Fall Graf EuGH Slg. 2000, I-493

In dem Rechtsstreit zwischen dem deutschen Staatsangehörigen Volker Graf und der Filzmoser Maschinenbau GmbH mit Sitz in Wels (Österreich) ging es um die Weigerung des beklagten Arbeitgebers, dem Kläger Graf die von diesem gemäß

§ 23 des Angestelltengesetzes (AngG) beanspruchte Abfertigung (Kündigungsabfindung) zu zahlen, nachdem er selbst den Arbeitsvertrag mit der Beklagten gekündigt hatte, um in Deutschland eine Arbeit aufzunehmen. Nach § 23 Abs. 1 AngG gebührt dem Angestellten bei Auflösung des Dienstverhältnisses eine Abfindung. Diese beträgt das Zweifache des dem Angestellten für den letzten Monat des Dienstverhältnisses gebührenden Entgelts. Nach Abs. 7 besteht der Anspruch auf Abfertigung aber nicht, wenn der Angestellte selbst kündigt, wenn er ohne wichtigen Grund vorzeitig austritt und wenn ihn ein Verschulden an der vorzeitigen Entlassung trifft. Die Beklagte weigerte sich unter Berufung auf § 23 Abs. 7 AngG, dem Kläger die von diesem nach § 23 Abs. 1 AngG geforderte Abfertigung in Höhe von zwei Monatsentgelten zu zahlen. Der Kläger verklagte daraufhin seinen ehemaligen Arbeitgeber beim Landesgericht Wels auf Zahlung der Abfertigung. Er machte insbesondere geltend, dass § 23 Abs. 7 AngG gegen Art. 48 EG-Vertrag (nunmehr Art. 45 AEUV) verstoße. Er werde durch den Verlust des Abfindungsanspruchs an einer Arbeitsaufnahme in Deutschland gehindert. Das Landesgericht Wels wies die Klage ab und führte u. a. aus, dass § 23 Abs. 7 AngG keine durch Art. 48 EG-Vertrag verbotene Diskriminierung oder Beschränkung enthalte, denn diese Vorschrift schränke die grenzüberschreitende Mobilität nicht stärker ein als die Mobilität innerhalb Österreichs, und der Verlust einer Abfertigung in Höhe von zwei Monatsentgelten bewirke keine spürbare Beschränkung der Freizügigkeit. Der Kläger legte gegen das Urteil beim OLG Linz Berufung ein. Das Gericht hat das Verfahren ausgesetzt und dem EuGH die Frage zur Vorabentscheidung vorgelegt, ob Art. 48 EG-Vertrag (nunmehr Art. 45 AEUV) einer nationalen Regelung entgegenstehe, nach der ein Arbeitnehmer, der Staatsangehöriger eines Mitgliedstaats ist, bei Beendigung seines Dienstverhältnisses nur deshalb keinen Abfertigungsanspruch hat, weil er dieses Dienstverhältnis durch Kündigung selbst aufgelöst hat, um in einem anderen Mitgliedstaat eine unselbständige Tätigkeit auszuüben.

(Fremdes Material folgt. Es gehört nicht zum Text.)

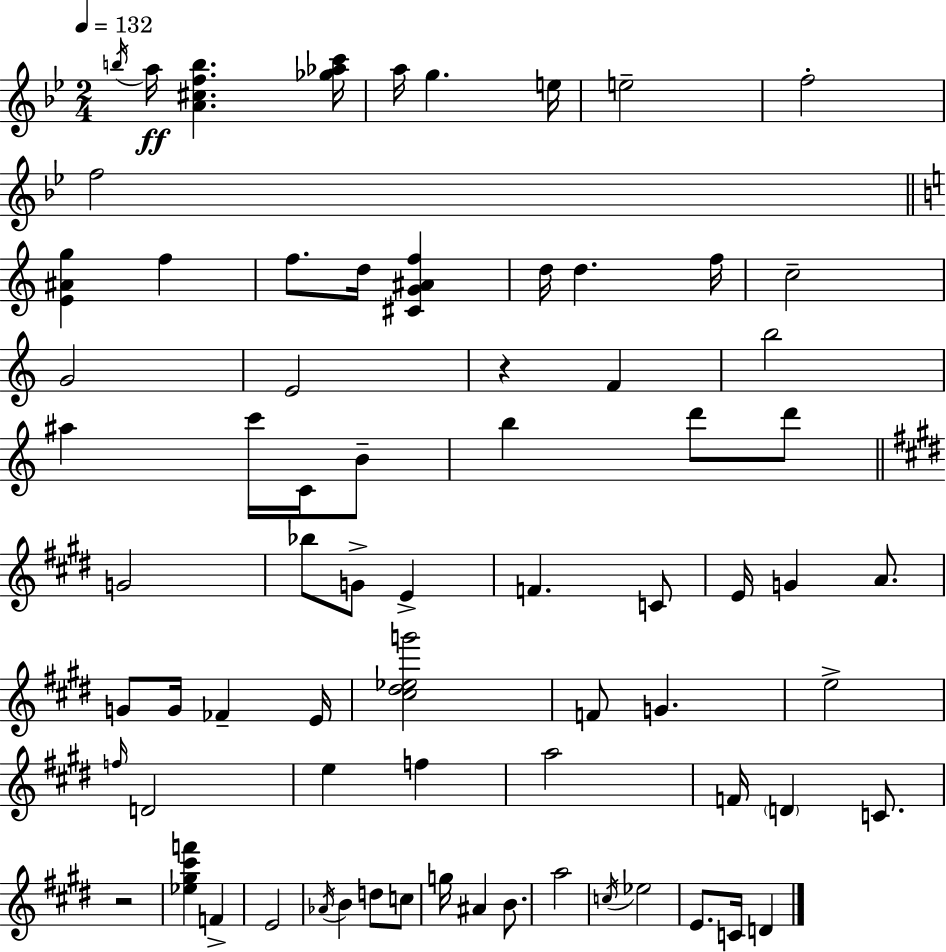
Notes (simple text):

Der EuGH ist der Auffassung, dass das Arbeitnehmerfreizügigkeitsrecht einer nationalen Regelung nicht entgegenstehe, nach der ein Arbeitnehmer, der das Arbeitsverhältnis selbst kündigt, um in einem anderen Mitgliedsstaat eine unselbständige Tätigkeit auszuüben, keinen Anspruch auf eine Abfindung hat. Die Regelung über den Verlust der Abfindung wirke nur indirekt und betreffe auch Arbeitnehmer, die innerhalb des Mitgliedsstaates den Arbeitsplatz wechseln.

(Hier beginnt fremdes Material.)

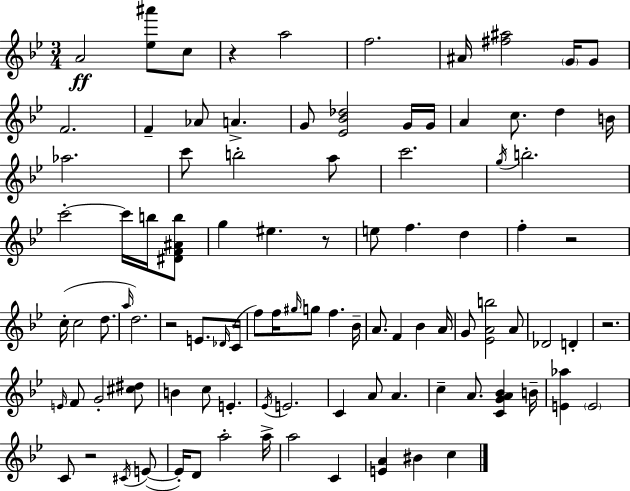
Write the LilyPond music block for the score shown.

{
  \clef treble
  \numericTimeSignature
  \time 3/4
  \key g \minor
  \repeat volta 2 { a'2\ff <ees'' ais'''>8 c''8 | r4 a''2 | f''2. | ais'16 <fis'' ais''>2 \parenthesize g'16 g'8 | \break f'2. | f'4-- aes'8 a'4.-> | g'8 <ees' bes' des''>2 g'16 g'16 | a'4 c''8. d''4 b'16 | \break aes''2. | c'''8 b''2-. a''8 | c'''2. | \acciaccatura { g''16 } b''2.-. | \break c'''2-.~~ c'''16 b''16 <dis' f' ais' b''>8 | g''4 eis''4. r8 | e''8 f''4. d''4 | f''4-. r2 | \break c''16-.( c''2 d''8. | \grace { a''16 } d''2.) | r2 e'8. | \grace { des'16 }( c'16 f''8) f''16 \grace { gis''16 } g''8 f''4. | \break bes'16-- a'8. f'4 bes'4 | a'16 g'8 <ees' a' b''>2 | a'8 des'2 | d'4-. r2. | \break \grace { e'16 } f'8 g'2-. | <cis'' dis''>8 b'4 c''8 e'4.-. | \acciaccatura { ees'16 } e'2. | c'4 a'8 | \break a'4. c''4-- a'8. | <c' g' a' bes'>4 b'16-- <e' aes''>4 \parenthesize e'2 | c'8 r2 | \acciaccatura { cis'16 }( e'8~~ e'16-.) d'8 a''2-. | \break a''16-> a''2 | c'4 <e' a'>4 bis'4 | c''4 } \bar "|."
}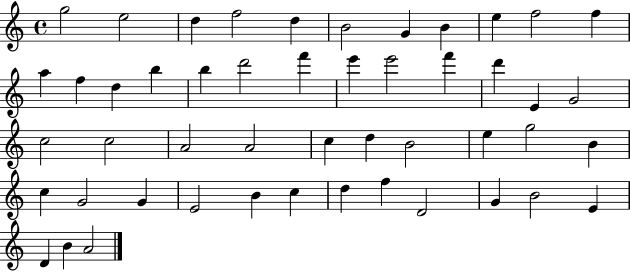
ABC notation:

X:1
T:Untitled
M:4/4
L:1/4
K:C
g2 e2 d f2 d B2 G B e f2 f a f d b b d'2 f' e' e'2 f' d' E G2 c2 c2 A2 A2 c d B2 e g2 B c G2 G E2 B c d f D2 G B2 E D B A2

1. Art. 48 Abs. 2 EG-Vertrag (nunmehr Art. 45 Abs. 2 AEUV) bestimmt ausdrücklich, dass die Freizügigkeit der Arbeitnehmer die Abschaffung jeder auf der Staatsangehörigkeit beruhenden unterschiedlichen Behandlung der Arbeitnehmer der Mitgliedstaaten in Bezug auf Beschäftigung, Entlohnung und sonstige Arbeitsbedingungen umfasst. (Rn. 14)

2. Im Übrigen verbietet der in Art. 48 EG-Vertrag (nunmehr Art. 45 AEUV) verankerte Grundsatz der Gleichbehandlung nicht nur offene Diskriminierungen aufgrund der Staatsangehörigkeit, sondern auch alle verschleierten Formen von Diskriminierung, die bei Anwendung anderer Unterscheidungsmerkmale tatsächlich zu demselben Ergebnis führen. Eine Regelung wie die, um die es im Ausgangsverfahren geht, ist unabhängig von der Staatsangehörigkeit des betroffenen Arbeitnehmers anwendbar. (Rn. 14, 15)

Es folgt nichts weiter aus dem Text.